Here are some of the things we decided while driving about:

  1. Virtual reality is neat and it is really, truly, finally coming. I’ll be able to put on a helmet and see a different world, be able to put virtual objects in places and move through them instead of working in a two dimensional environment. Our brains are wired for this: we are supposed to live in a 3D world. When this happens, the whole world will accelerate (again) as we share our mindscapes with other people. Motion sensitive people beware (that would be me, I get carsick just by thinking about being in a car).
  2. Augmented reality, where you see the real world with information overlaid on it, is also coming. The physical world will become a playground, mashed up with our mental models. Google glass is dorktastic but only the start.
  3. To get AR and VR to really work, we need to interact with the items that are not really there. Haptic feedback must come soon, driven by the virtual environments. C wants a glove that will make him believe he is holding a tennis ball when he is wearing an Occulus Rift VR headset. We talked about balance muscle wires, small solenoids (to put pressure on the fingertips), and those bed of nails things you see at museum stores with actuators.
  4. The iphone’s new 64 bit architecture is strange and interesting. Why does it need that much computing power? What purpose does it serve?
    1. First, the oomph will make it more usable as an enterprise (and government) device. It has three factor authentication now (something you have: the phone; something you know: a password; something you are: your fingerprint… and probably your voiceprint).
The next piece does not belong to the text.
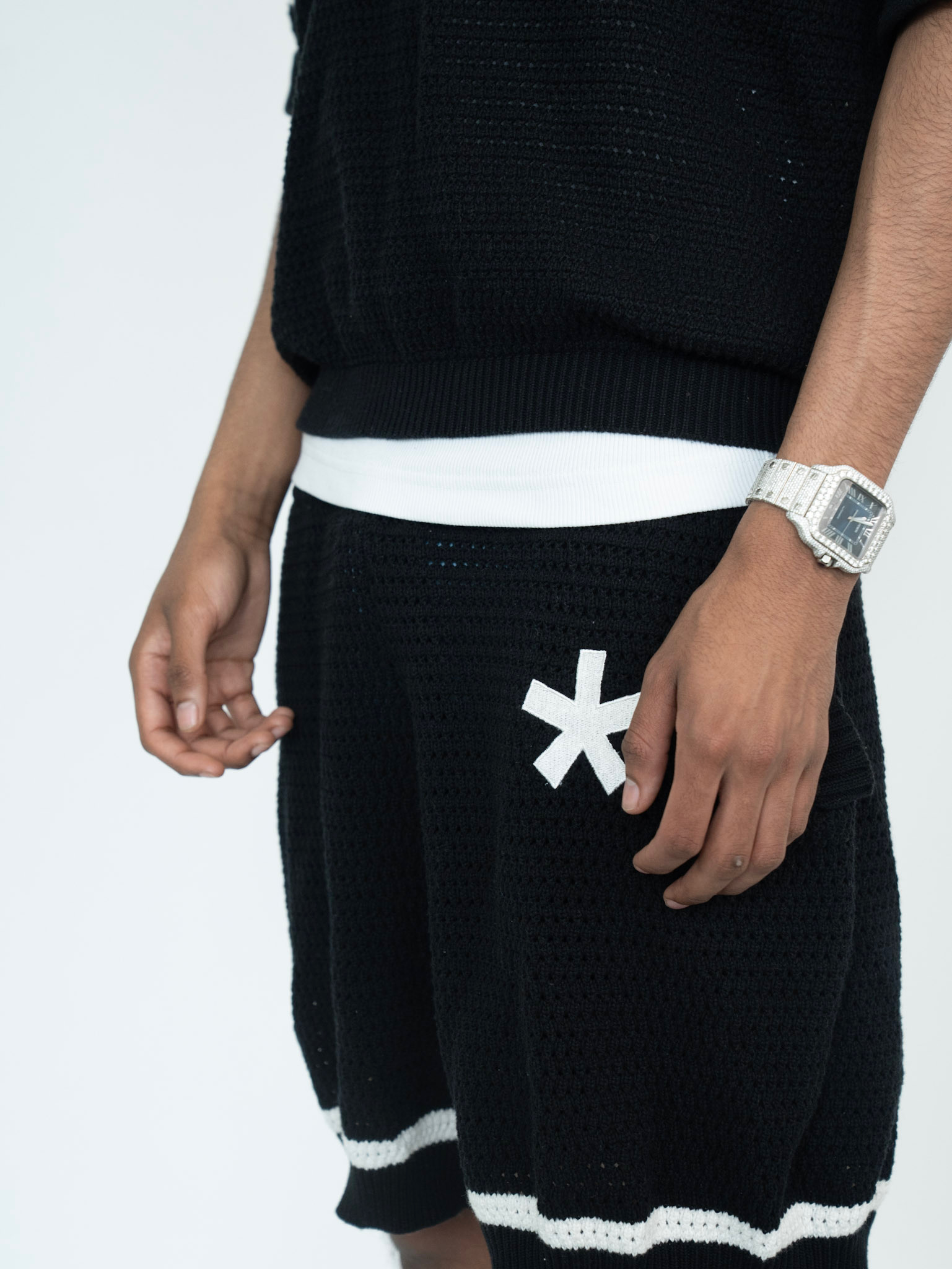 Seravon Drop 001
    2. The new iphone 64 bit architecture is on the path to the phone replacing computers. Now all they need is a generic dock (one for work, one for home) that has a keyboard and display. Then all your computer information comes and goes with you, all the time. No more laptops. No more computers. Your phone is everything, including your ID.
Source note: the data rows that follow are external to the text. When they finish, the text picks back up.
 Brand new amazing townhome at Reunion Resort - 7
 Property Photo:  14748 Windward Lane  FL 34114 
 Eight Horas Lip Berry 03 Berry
    3. Finally, the additional iphone computing power comes into play as a game console (like Wii, Playstation, even PCs). Add a game controller, plug the iphone into your TV, and have a serious physics engine simulate a system with intelligent agents.
  5. Energy harvesting is neat. We used to have it with solar powered calculators but now our devices are too powerful (and power hungry). The harvesting technology is coming, probably over the next five years. I think it will hit consumers in augmentation of battery devices (making them last longer), not eliminating batteries entirely. We agree that energy harvesting is more interesting in small, pervasive devices; it is less interesting in large scale energy generation where more traditional sources will continue to improve (e.g. wind, solar).

 

We’ll see how these turn out. And what are we missing?